Ils prônent un mode de vie ultracapitaliste. Ce sont des jeunes frères nigérians qui ont percé en faisant de la musique pop africaine. C’est un peu comme l’industrie cinématographique de Nollywood : on en parle beaucoup mais finalement il n’y a pas une seule production qui a connu un succès global. L’afropop est un business dont on se félicite au Nigeria, mais pour le moment, il n’y a pas vraiment eu de tube international.
En 2017, le titre « Come closer », du Canadien Drake et du Nigérian Wizkid, a pourtant connu un succès planétaire…
Ça, c’est le tube du Canadien Drake ! Le problème de ces jeunes stars de l’afropop, c’est qu’elles n’ont finalement aucun message à exprimer. Ils chantent l’argent, les vêtements et les voitures de luxe, les jolies filles charmées grâce à des liasses de dollars… L’élite du Nigeria mise d’ailleurs des milliards de nairas sur ces jeunes car ils peuvent faire vendre des produits. C’est un business rentable.

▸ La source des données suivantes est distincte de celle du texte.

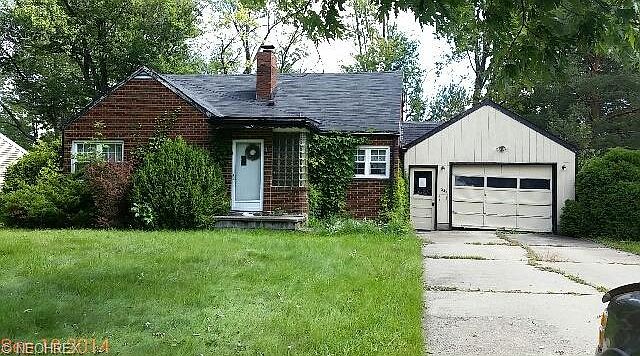 1st image of 248 S Elm St
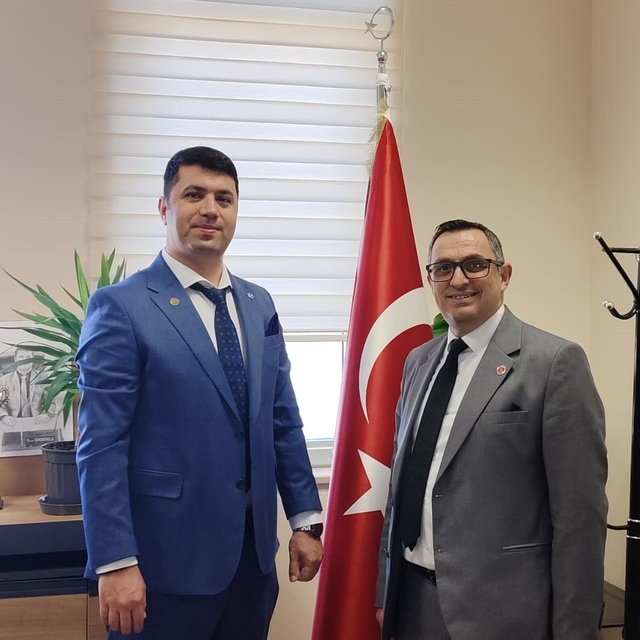 Gemlik'te muhtarlık seçimleri için listeler asıldı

Des fans tiennent une photo du roi de l’afrobeat, Fela Kuti, à Lagos, en octobre 2012. / Akintunde Akinleye / REUTERS
A défaut de voir un film de Nollywood séduire un public mondial, le film « Black Panther » semble parti pour battre des records. Avez-vous ressenti ce sentiment de « fierté africaine » en le voyant ?
Je suis noir chaque jour et je n’ai pas besoin de Hollywood pour être fier de mon africanité. Cet engouement m’amuse et m’exaspère. C’est comme Halloween, avec des riches Africains qui vont se déguiser en costumes traditionnels pour aller voir ce blockbuster. Le temps d’un film, ils se sentent soudainement fiers d’êtres noirs et idéalisent ce paradis africain 2.0 pour oublier la réalité. Je trouve ça un peu ridicule.
En dehors du Nigeria, vous êtes finalement plus connu en Occident qu’en Afrique, où votre dernière tournée remonte à 2009. N’est-ce pas paradoxal ?
C’est vrai que je fais plus de concerts en Europe qu’en Afrique, où il est parfois difficile de trouver des partenaires. Mais mon succès en Occident, je l’utilise d’abord pour ma communauté, ce qui est le plus important pour moi, et pour diffuser mon message, qui ne change pas en fonction de l’audience. Je crois dans le pouvoir de l’art qui n’a pas de frontières.